Subsequent to the Housing Crisis, the 2010 Dodd-Frank Wall Street Reform Act imposed many new rules. This was a response, in part, to some unscrupulous mortgage lenders and brokers charging excessive fees to consumers.

Mortgage lenders and brokers cannot charge origination fees to borrowers that represent more than 3.0% of the loan amount (the “Points & Fees Cap”). As reasonable as this fee cap concept sounds, it is fraught with restrictions that are unfair to the people it was meant to protect.

Let’s take an example of a consumer wishing to borrow $120,000 to buy a home:

$2,700.00 - Mortgage Broker Fee (2.25%* of Loan Amount)
     975.00 - Lender Administration (Standard Average Flat Fee)
$3,675.00 - Total Origination Fees

* Average Florida mortgage broker fees range between 2.0% to 2.75% (based on the interest rate selected, the borrower is eligible to receive a credit at closing to fully cover this fee for most conventional loans).

On the surface, the loan fails the 3.0% Cap (i.e., $3,675 of fees represents 3.1% of the loan). This renders the loan a “Non-Qualified Mortgage”, in which case Fannie Mae could elect not to purchase the loan from the mortgage lender. The lender might stamp “decline”, given their potential inability to monetize the loan.
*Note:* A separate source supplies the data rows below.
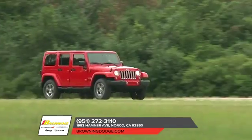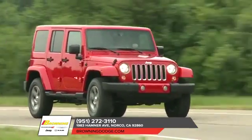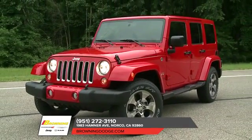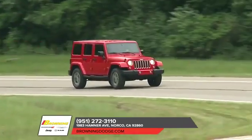The 2018 Jeep Wrangler has rugged good looks to show that fun and freedom can go hand in hand. The Wrangler incorporates classic Jeep brand vehicle design elements to bring you all-weather capabilities that testify to its off-road prowess. Removable tops and doors give you a true open-air experience.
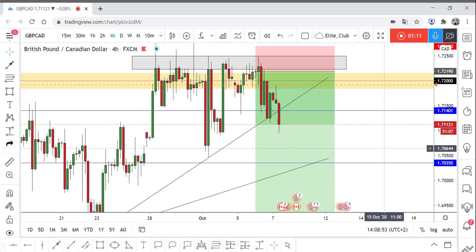Congratulations if you are in this trade. Make sure you secure the trade and take profits, as it has moved very well and a lot of pips. Trade safe everybody and have a nice day.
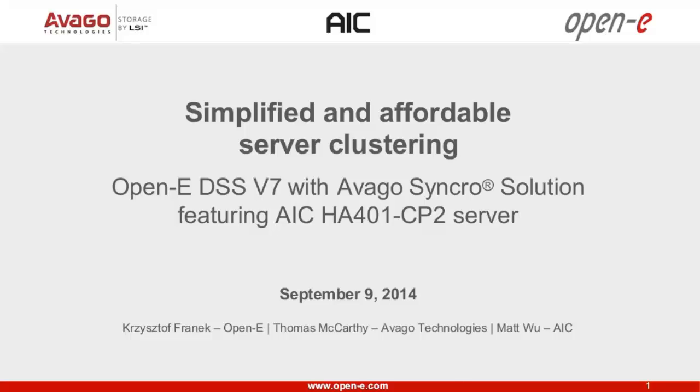I am Christoph Franek Jr. from the company OpenE. With me, I have two other presenters who I would like to introduce quickly as well. One of them is from Avago Technologies. His name is Thomas McCarthy. And from AIC, we have Matt Vu, who joined us from Belgium.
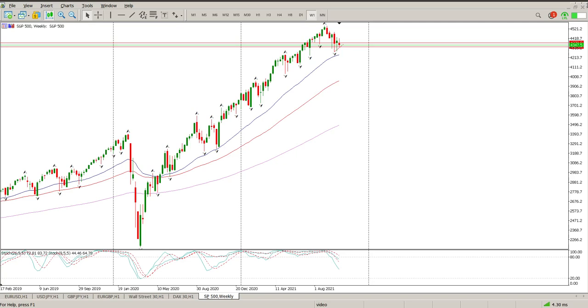Good morning everybody, this is your S&P 500 day trade setups for today. I just want to start off in the weekly to highlight a few things. First thing is you can see how the oscillators are pointing to the downside and starting to ease off the top here, coming out of overbought territory.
And, if the lender imposes customary “risk adjustment fees” to compensate for a higher loan-to-value or lower credit score (or if the borrower pays a reasonable fee to “buy-down” the rate), these “Discount Points” must also be added into the calculation – making it impossible for the borrower to obtain a Qualified Mortgage. Fortunately, the regulators have acknowledged that some “bonafide” fees may be excluded from the cap calculation, allowing most mortgages to qualify after time-consuming compliance checks.